Wav2Vec for speech recognition, classification, and audio classification

Overview

Soxan

در زبان پارسی به نام سخن

This repository consists of models, scripts, and notebooks that help you to use all the benefits of Wav2Vec 2.0 in your research. In the following, I'll show you how to train speech tasks in your dataset and how to use the pretrained models.

How to train

I'm just at the beginning of all the possible speech tasks. To start, we continue the training script with the speech emotion recognition problem.

Training - Notebook

Task Notebook
Speech Emotion Recognition (Wav2Vec 2.0) Open In Colab
Speech Emotion Recognition (Hubert) Open In Colab
Audio Classification (Wav2Vec 2.0) Open In Colab

Training - CMD

python3 run_wav2vec_clf.py \
    --pooling_mode="mean" \
    --model_name_or_path="lighteternal/wav2vec2-large-xlsr-53-greek" \
    --model_mode="wav2vec2" \ # or you can use hubert
    --output_dir=/path/to/output \
    --cache_dir=/path/to/cache/ \
    --train_file=/path/to/train.csv \
    --validation_file=/path/to/dev.csv \
    --test_file=/path/to/test.csv \
    --per_device_train_batch_size=4 \
    --per_device_eval_batch_size=4 \
    --gradient_accumulation_steps=2 \
    --learning_rate=1e-4 \
    --num_train_epochs=5.0 \
    --evaluation_strategy="steps"\
    --save_steps=100 \
    --eval_steps=100 \
    --logging_steps=100 \
    --save_total_limit=2 \
    --do_eval \
    --do_train \
    --fp16 \
    --freeze_feature_extractor

Prediction

import torch
import torch.nn as nn
import torch.nn.functional as F
import torchaudio
from transformers import AutoConfig, Wav2Vec2FeatureExtractor
from src.models import Wav2Vec2ForSpeechClassification, HubertForSpeechClassification

model_name_or_path = "path/to/your-pretrained-model"

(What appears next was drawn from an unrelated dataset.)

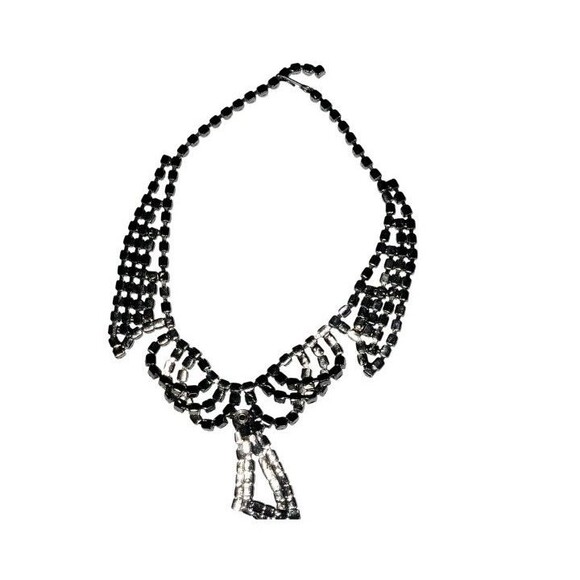 Vintage Silver Tone Light Sky Blue Sparkling AB Crystals Princess 15" Necklace - Picture 6 of 11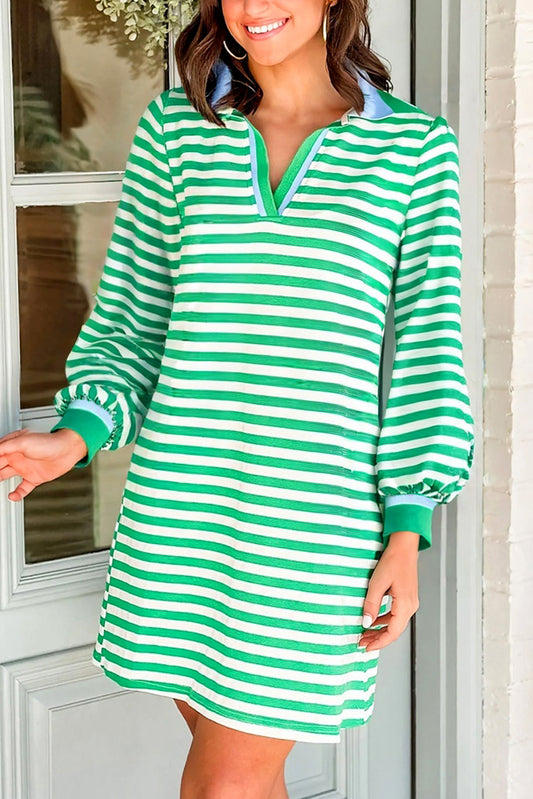 Green Contrast Collar Dress RTS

device = torch.device("cuda" if torch.cuda.is_available() else "cpu")
config = AutoConfig.from_pretrained(model_name_or_path)
feature_extractor = Wav2Vec2FeatureExtractor.from_pretrained(model_name_or_path)
sampling_rate = feature_extractor.sampling_rate

# for wav2vec
model = Wav2Vec2ForSpeechClassification.from_pretrained(model_name_or_path).to(device)

# for hubert
model = HubertForSpeechClassification.from_pretrained(model_name_or_path).to(device)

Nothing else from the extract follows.